Under Mr. Weah's leadership, the country dropped places from 175 out of 191 countries in 2017 to 178 in 2022 on the Human Development Index. The Global Human Development Index (HDI) published by the United Nations Development Programme (UNDP) is a measure for assessing long-term progress in three basic dimensions of human development: a long and healthy life, access to knowledge, and a decent standard of living. According to the index, life expectancy dropped by 3.4 years from 63.7 years in 2018 to 60.7 years in 2021.

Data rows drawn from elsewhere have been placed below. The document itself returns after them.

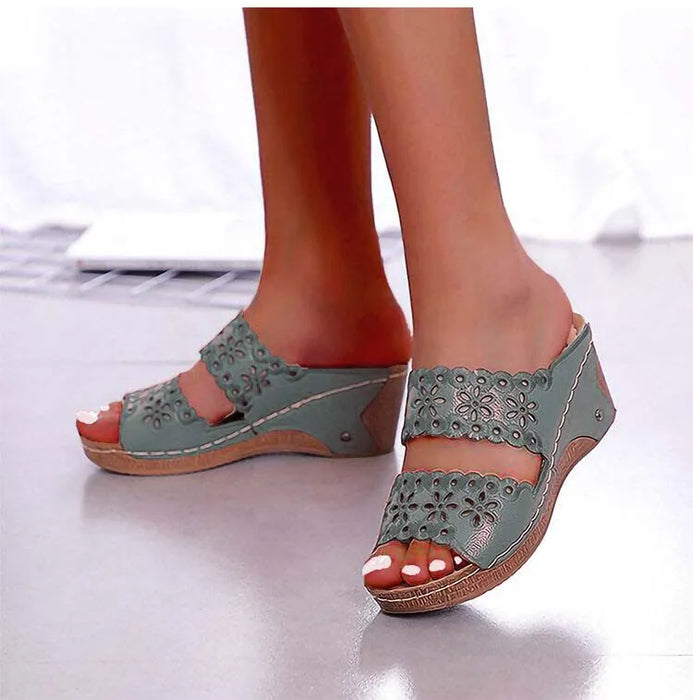 women platform walking sandals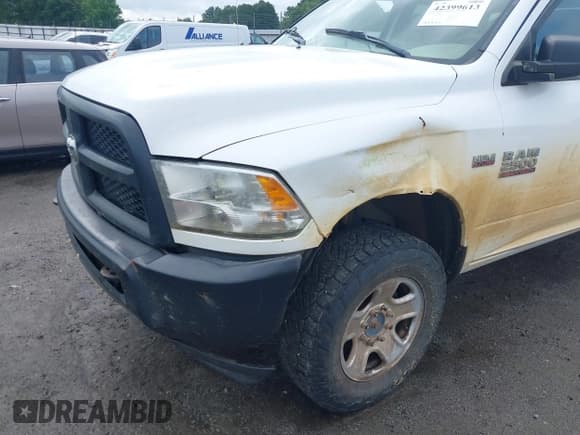 ✅ 2016 Ram 2500 Tradesman • VIN: 3C7WR5HT1GG183137 • Lot: 42399613. Wystawiony na IAAI z przebiegiem 97 975 mil. Bezpłatny archiwum sprzedaży aukcyjnych z USA i szczegółowy raport historii pojazdu na DreamBid. Zdjęcie 6.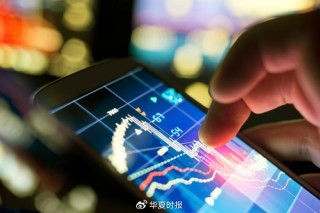 A股午后狂飙！创业板指大涨逾3％，多只宽基ETF突然放量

The truth is there is a general assumption among Liberians, that there is no hope, and that there would be no changes in the next few months before his tenure elapses. Genuinely, I am one of many Liberians who are disappointed and completely give up on President George Weah’s ability to do anything. We have entered electioneering in the runoff and that means his tenure has ended. So, all that matters to them is the campaigns and lies they plan to tell Liberians.

There is nothing this government can do anymore. There is nothing to hope for in this government. During his six years in office, Mr. Weah didn’t achieve the things he promised. He didn’t even achieve his intentions that were expressed in his body language which, according to his people, shows there will be signs of hope. Today, take a look at the electricity sector, bad roads, and rising insecurity challenges among others. I asked again where are the things he achieved apart from shifting the blame to the opposition political parties which he is still doing to date. We have not seen anything he did apart from putting us in more trouble.

Liberians clamored for change and he has changed our situation from bad to worse, and this will make it difficult for the next president to immediately make a positive impact and remedy the situation. By and large, Weah failed simply because he lacked the wherewithal to govern. For one thing, if he had anything resembling a coherent economic vision, he never once articulated it, and for a man who was once a sitting senator and his party’s CDC; a party abrogating to itself absolute knowledge of Liberian problems over the years while in opposition, they have failed miserably. 

I could go on and on explaining how Weah failed astoundingly in health, human rights, education, infrastructure, agriculture, and power but to his blind supporters, none of that matters. It doesn’t matter how convincing a nomological network of cumulative evidence I present to them. They believe what they believe regardless. It’s almost like a religion to them. Their confidence in Weah will never be swayed even in the face of incontrovertible evidence. But political leaders should never be venerated to such positions, especially in a so-called constitutional democracy.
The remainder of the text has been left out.